Carson, 49, a Navy veteran of Iraq and a former Democratic congressman from Oklahoma, was influential in Carter's move to open up combat roles to women in the military, and also in the proposal to allow transgender troops to serve openly.
Carson's reform proposals under Force of the Future, which he billed as the "biggest personnel overhaul in 45 years," were aimed at fundamental changes in the way the Defense Department recruits, pays, promotes and manages the military.
In an article for Defense One last June, Carson bluntly described what he was attempting in Force of the Future as an effort to discard the hidebound ways of doing things that had become entrenched in the Pentagon bureaucracy.
"In this modern, data-informed world, neither the business community nor the Defense Department has time or decision space for the bureaucratic needs of hierarchical, linear organizations of a former era," Carson said.
"Unfortunately, the department has been just that type of institution when it comes to personnel management -- until now," Carson said.
The major personnel changes sought by the Pentagon require the approval of Congress. Other changes can be authorized by Carter without the input of Congress.
With only 10 months left in the Obama administration, it remained unclear whether the major changes could be put in place this year, or whether Carter would turn to seeking to lay the groundwork for reform for the next president.
Critics of the plan question the viability of adding personnel programs that could potentially cost billions at a time when the Defense Department was cutting the Army to 450,000 troops and also was continuing to face the possibility that the arbitrary budget caps known as sequestration could be re-imposed.
One of the main proposals in the Force of the Future plan that would require congressional approval would revamp the military pay system by creating new basic pay tables for high-demand career fields such as cybersecurity to allow commanders to dole out merit-based cash bonuses.

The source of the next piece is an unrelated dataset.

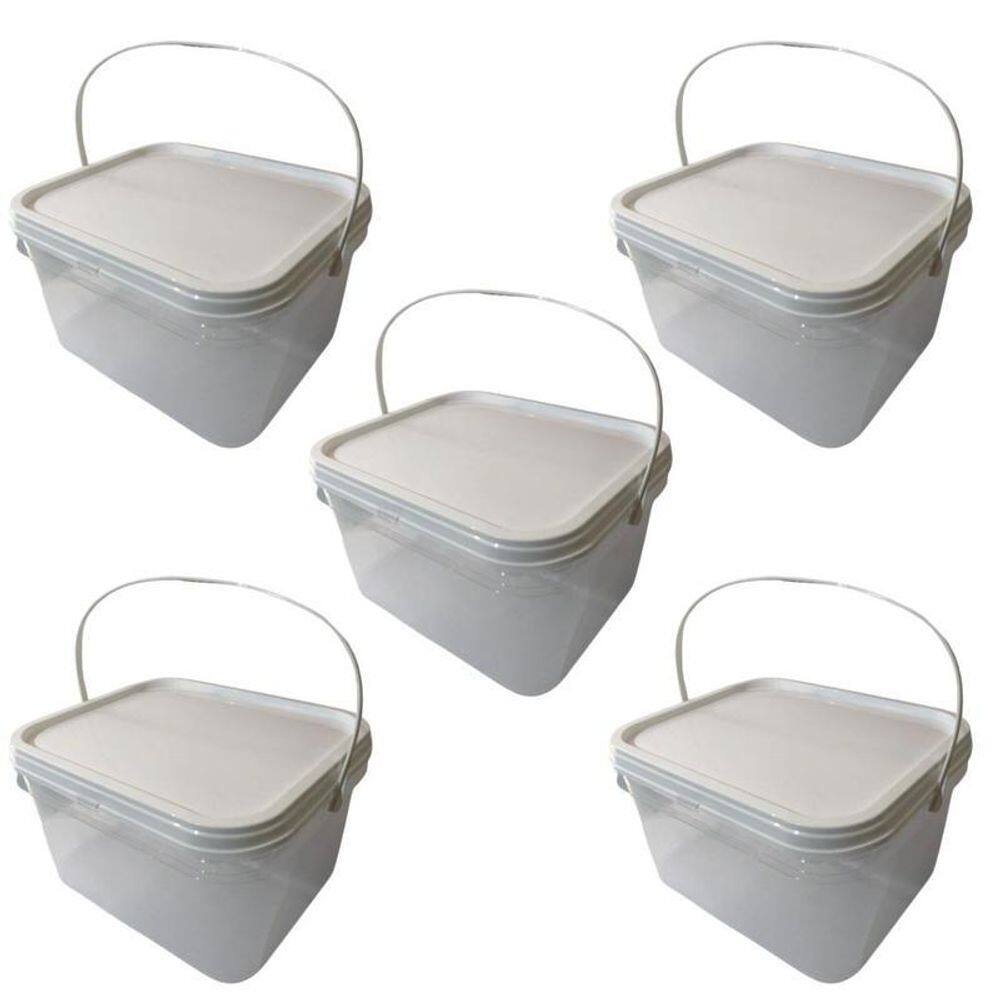 Balde Para Doce De Colher 2.4 Litros Transparente-Kit 5 Pçs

Another major proposal, also requiring congressional approval, would change the "up-or-out" system of promotions under federal law that limits the number of times an officer can be passed over for promotion before being forced to leave the military. Under Force of the Future, promotions would be based more on experience and performance rather than time in grade.
Carter has unveiled the proposed Force of the Future changes in three "tranches," which were detailed by Military Times. The first tranche disclosed in November included:
-- Creating a new high-tech personnel management system for matching individual troops with job assignments in an online network Carter compared to Facebook.

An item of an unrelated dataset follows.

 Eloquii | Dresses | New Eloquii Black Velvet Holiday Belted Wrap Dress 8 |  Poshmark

-- Creating a new civilian "chief recruiting officer" to oversee efforts to attract top talent.
-- Expanding corporate fellowship programs to allow service members to work in the private sector.
In January, Carter offered "tranche two," with changes that included:
-- Extending the forcewide maternity leave benefit to 12 weeks for all women and 14 days for men. (The Navy, which had a policy of 18 weeks maternity leave, would reduce the leave to 12 weeks.)
-- Expanding mandatory hours for on-base child-care facilities.
-- Expanding options for military service members seeking specific duty stations to provide more stability for their families.
Carter has also been considering a "tranche three" and possibly a "tranche four" of personnel changes. One of the additional reforms Carter was expected to propose involved changing regulations to make it easier for mid-career civilian professionals to seek "lateral entry" to join the military without having to start at the bottom of the traditional rank and pay structure.
In his statement announcing his resignation, Carson said, "I'm very grateful to the men and women of the Office of the Under Secretary of Defense for Personnel and Readiness. Their commitment to those that serve our country, in and out of uniform, is unparalleled, and I am deeply grateful for the opportunity to have served with such an outstanding team."